No financial control system, no matter how well designed and operated, can provide absolute assurance that the objectives of the control system are met, and no evaluation of financial controls can provide absolute assurance that all control issues and instances of fraud or errors can be detected.  The design of any system of financial controls is based in part upon certain assumptions about the likelihood of future events, and there can be no assurance that any design will succeed in achieving its stated goals under all potential future conditions, regardless of how remote.

Payment of principal and interest on TVA securities is not guaranteed by the United States.

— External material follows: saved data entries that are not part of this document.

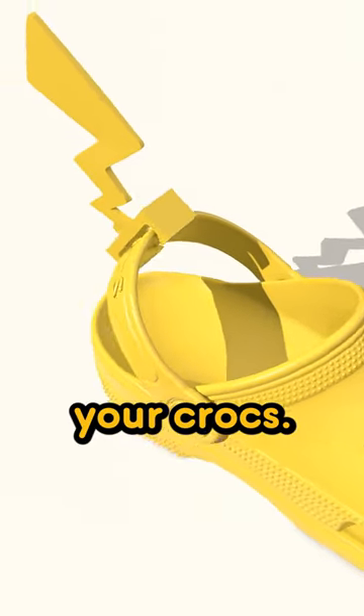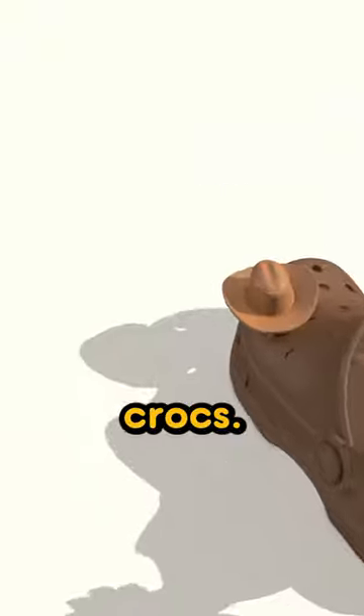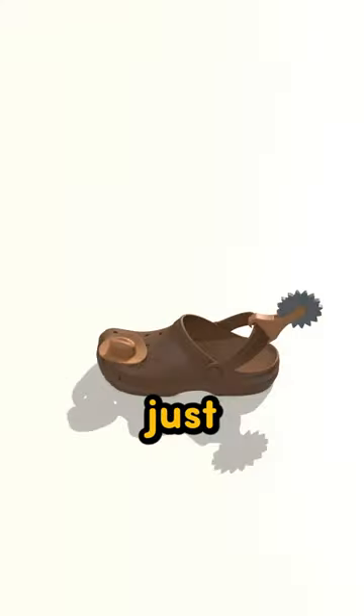Three accessories you need for your Crocs. This is a spur attachment that goes on the backstrap of your Crocs. The spur even spins. Throw away your cowboy boots and just use these.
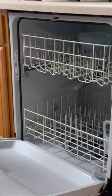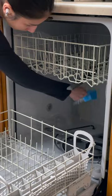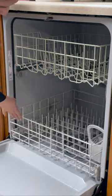Once that's done, remove the bowl and sprinkle a cup of baking soda at the bottom of your dishwasher. Shut the dishwasher and set it on the shortest wash.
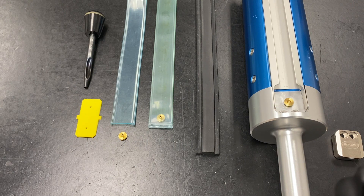In this video, we're going to give a short overview of bladder changes on Tidland external element shafts. For detailed instructions, reference the user manual for your air shaft series.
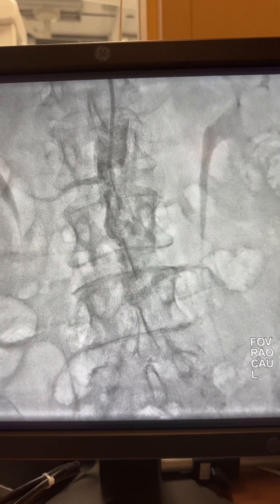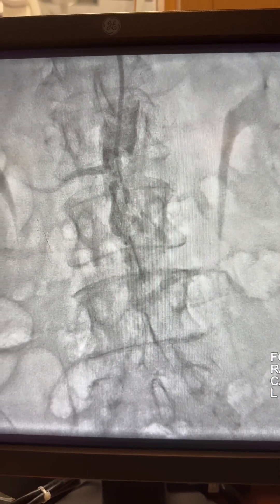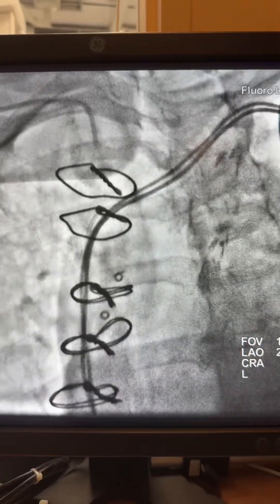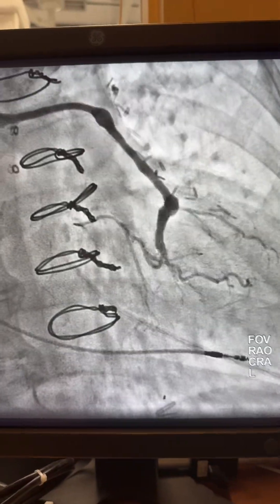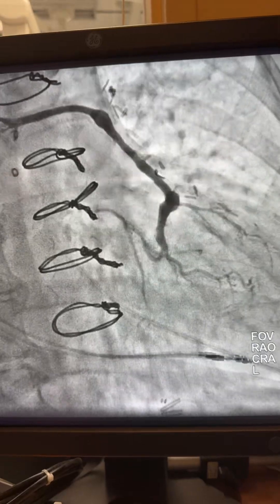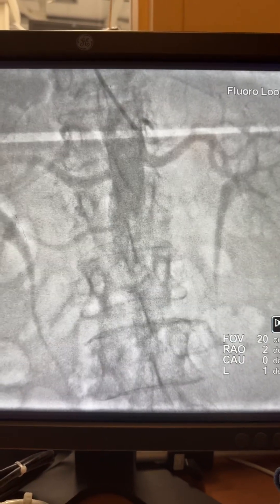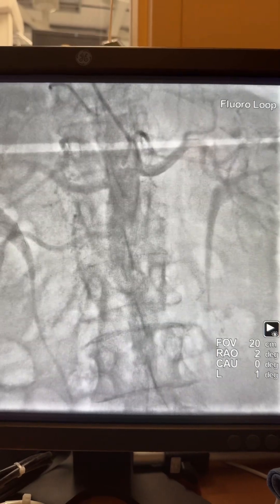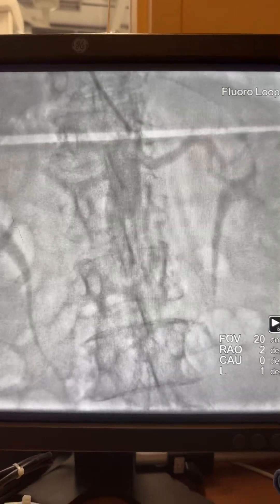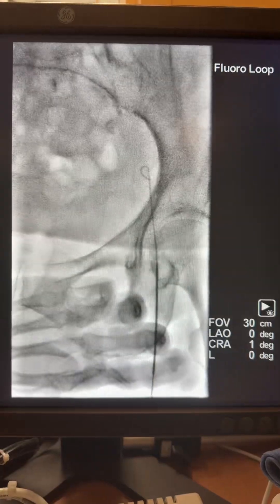Here you see the multi-purpose catheter from the radial axis with the angiogram. The case was started with a tortuous subclavian for coronary angiogram — of course I have to do the heart cath first and the bypass angiogram. Then I move to the abdominal aorta using the multi-purpose catheter, and as you see, the renal arteries are patent but the aorta is completely occluded infrarenally.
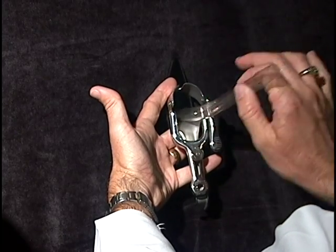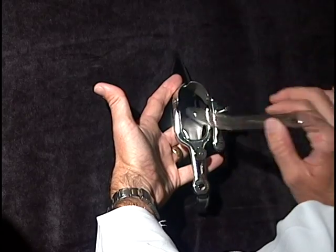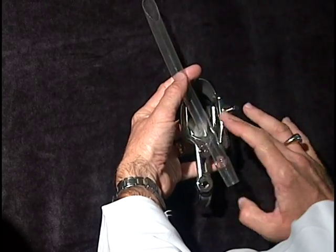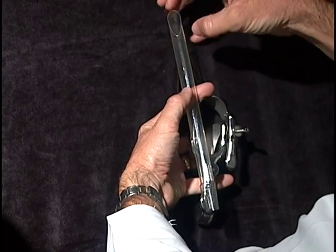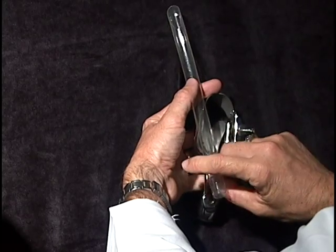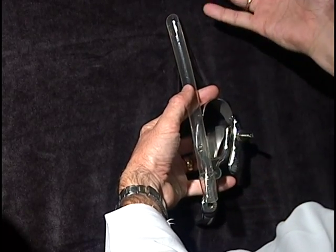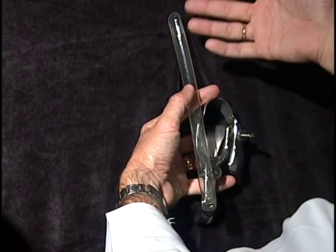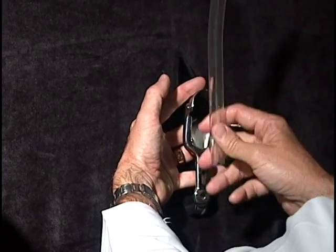The suction curette is placed through the speculum, up through the cervix, and up on the inside of the womb where the baby is. The opening of the suction curette is positioned where the baby, the fluid, and the placenta are. Once it is up by where the baby is, the suction is turned on and the baby, the placenta, and everything else are brought down through the tubing into the suction machine.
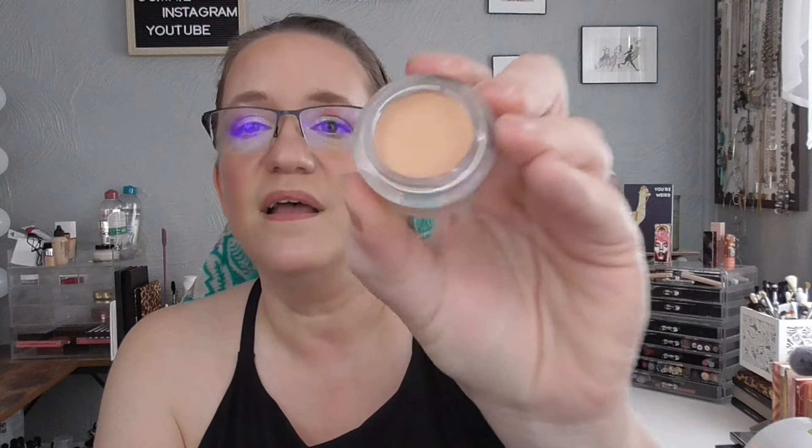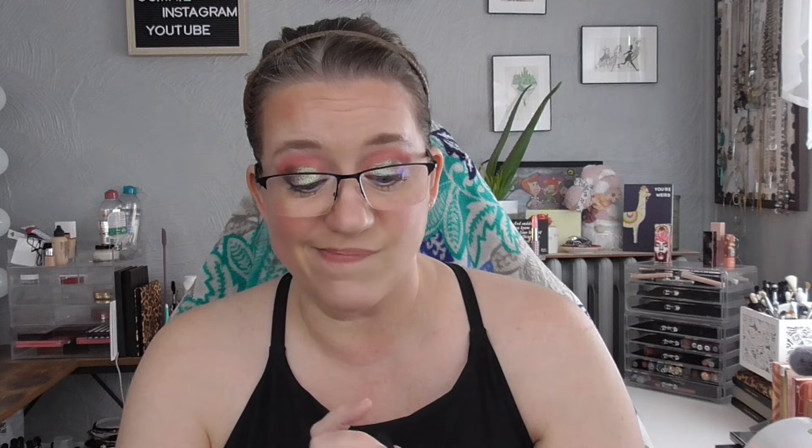The only one staying in the project is Starry Night by MAC, so that's the first item I'll be rolling over. Nine are leaving, so I'm adding nine into my rotation. Let me get the base products out of the way first. I'm bringing in the NARS Soft Matte Complete Concealer in the shade Madeline. I've heard a lot of good things about this. I'm hoping it works for me under my eyes — that's where I'll primarily use it. I definitely need some color correcting to cancel out the blue under my eyes.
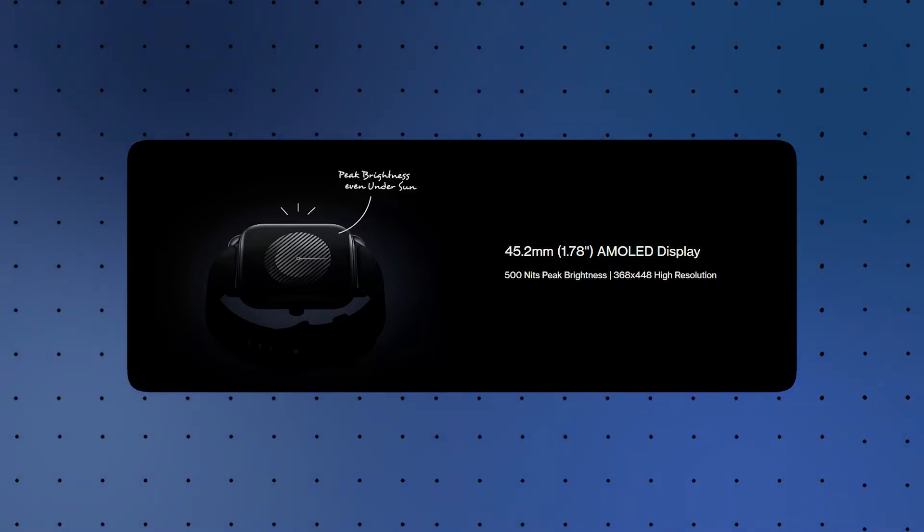The resolution is 368x448. The overall size is 45.2 mm. It is also a feature on the display. This is the display spec. This is a review for the next one.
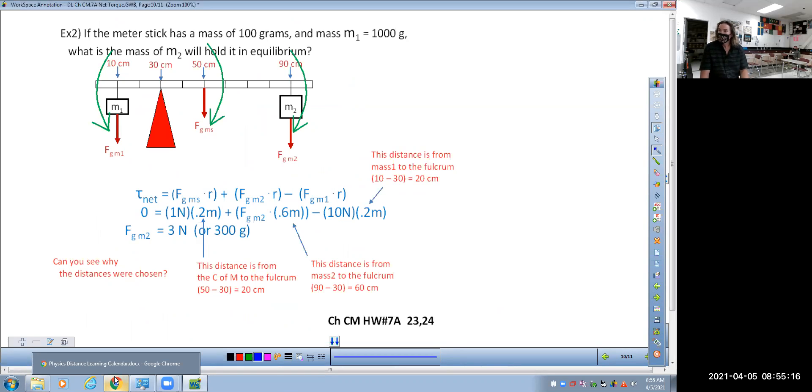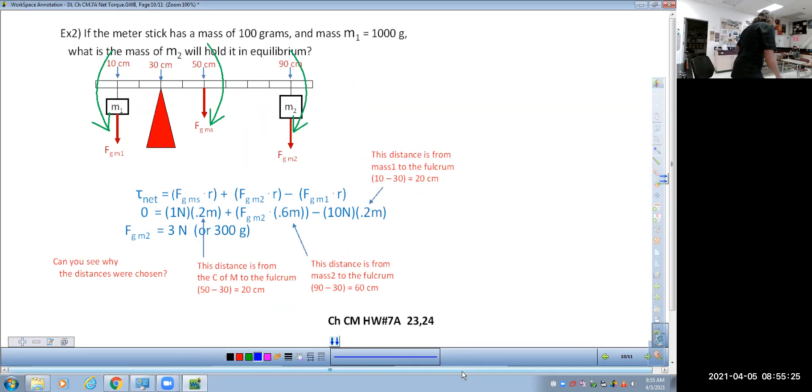That's it for today — circular motion homework number seven, questions 23 and 24. The three of you in class can easily finish this today if you'd like. I'll go back a slide. Someone who has worked very hard during distance learning is Lori — she's always very attentive, always does her homework, and has done a great job.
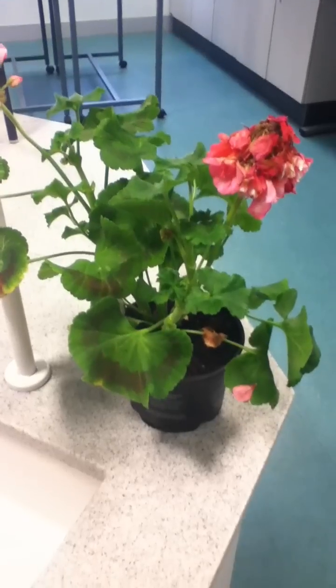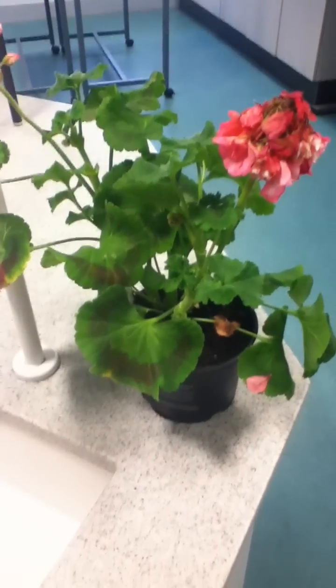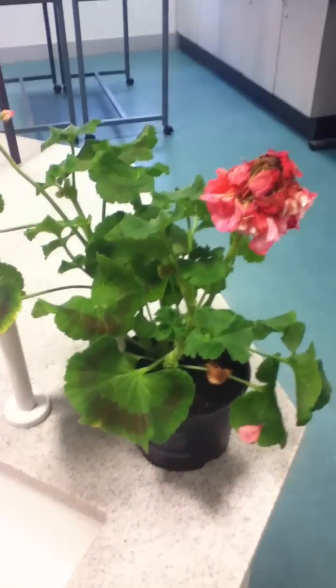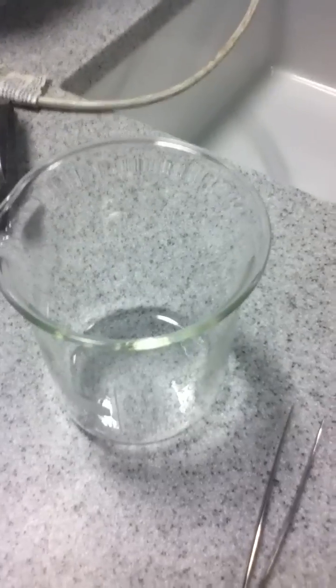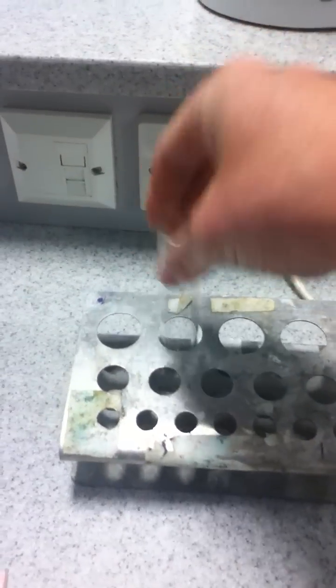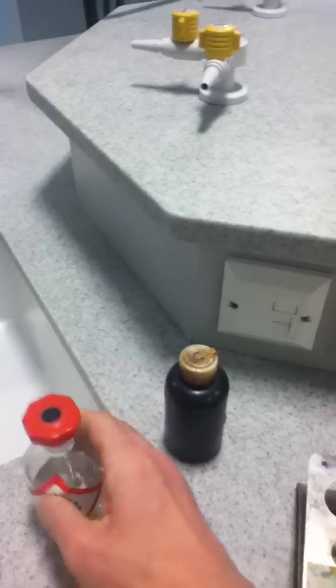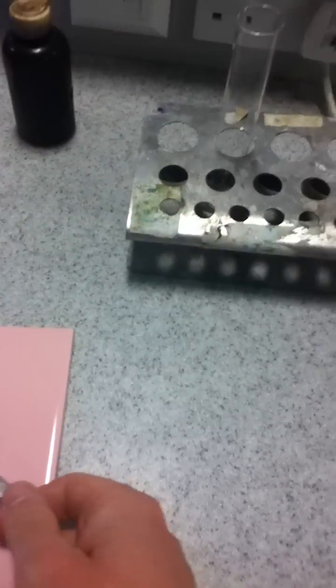Good morning Year 10. This is the basic method for proving that leaves store the glucose they're making in photosynthesis as starch. Here's some of the equipment you're going to need: a kettle with freshly boiled water, a beaker, a metal test tube rack with a big boiling tube, some iodine solution, some ethanol, a leaf on a ceramic tile, and also some forceps.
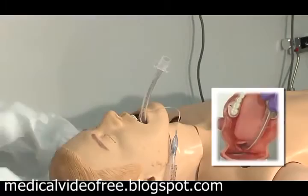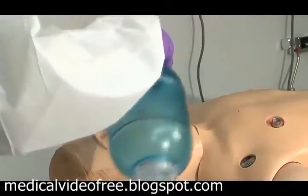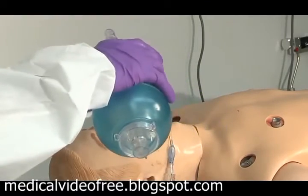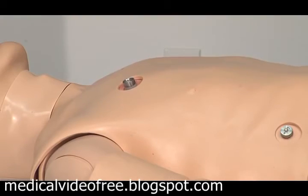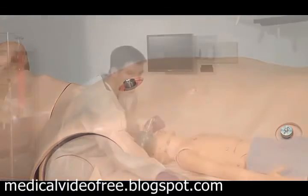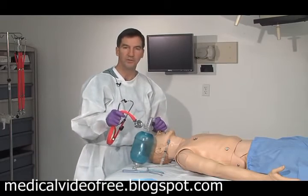The stylet comes out. The cuff is inflated and the patient is ventilated. Watch for rise and fall of the chest, then auscultate to hear breath sounds on each side with no borborygmy.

Although TVA is a corporate agency and instrumentality of the United States government, TVA securities are not backed by the full faith and credit of the United States. Principal and interest on TVA securities are payable solely from TVA's net power proceeds. Net power proceeds are the remainder of TVA's gross power revenues after deducting the costs of operating, maintaining, and administering its power properties and payments to states and counties in lieu of taxes, but before deducting depreciation accruals or other charges representing the amortization of capital expenditures, plus the net proceeds from the sale or other disposition of any power facility or interest therein. If TVA were to experience extreme financial difficulty and were unable to make payments of principal or interest on its Bonds, the federal government would not be legally obligated to prevent TVA from defaulting on its obligations. An inability to pay some or all of the principal or interest owed on a TVA security would likely have a negative impact on TVA's financial condition, reputation, or relationship with the investment community, and could result in cross-defaults in other financial arrangements.  

GENERAL BUSINESS RISKS

TVA's organizational structure may not adequately support TVA's anticipated business needs or enable it to meet the needs of its current or potential customers.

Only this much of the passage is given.